Mutations in gap junction proteins are often associated with various synaptopathies caused by abnormal synapse number and position (Lapato and Tiwari-Woodruff, 2018). The present work that revealed the novel function of a gap junction protein in presynaptic patterning will help us better understand how mutations in gap junction proteins cause synaptopathies. Furthermore, candidate and forward screenings are essential to uncover the molecular mechanisms that underlie INX-dependent synapse patterning.

Limitation of the present work

This work showed that the presynaptic tiling of DD neurons is controlled by Wnt-dependent axonal tiling and UNC-9-dependent presynaptic tiling. The redundant mechanisms to set up tiled presynaptic arrangement argue that it is important for the function of these neurons in locomotion. However, we could not directly test the effect of disrupted presynaptic tiling of the DD GABAergic motor neurons on locomotion, as all mutants with disrupted presynaptic tiling exhibited a kinker phenotype due to defective UNC-9-channel activity. Creating unc-9 mutants which specifically disrupt UNC-9’s function in presynaptic tiling without affecting its channel activity will help us to uncover the functional importance of the presynaptic tiling of the DD neurons.

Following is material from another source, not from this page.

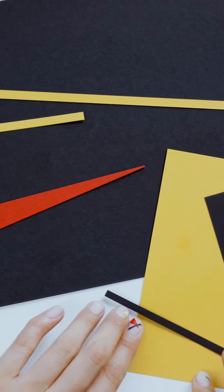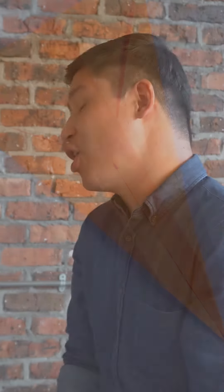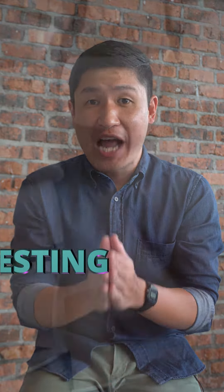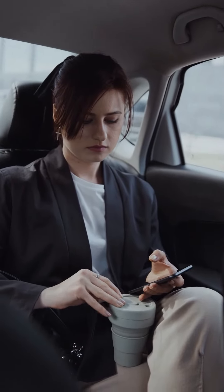Step four: Prototype — this is where things get interesting, because you're going to start building a minimal viable product, the so-called MVP, of your solution. And lastly, step five: Test — you're now going to test your MVP with real people.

DD neurons undergo synaptic remodeling at the end of the first larval stage L1, when the dorsal dendrites switch their fates to axons to form presynaptic connections with the dorsal body wall muscles (White et al., 1978). We showed that at mid L2 stage, egl-20(n585); unc-9(e101) double mutants exhibit presynaptic tiling defects (Figure 2—figure supplement 3). This suggests that egl-20 and unc-9 are required for the establishment of axonal and presynaptic tiling, respectively. However, due to the small size of the L1 animals, we could not observe the presynaptic tiling patterning during DD remodeling to observe how presynaptic tiling is established.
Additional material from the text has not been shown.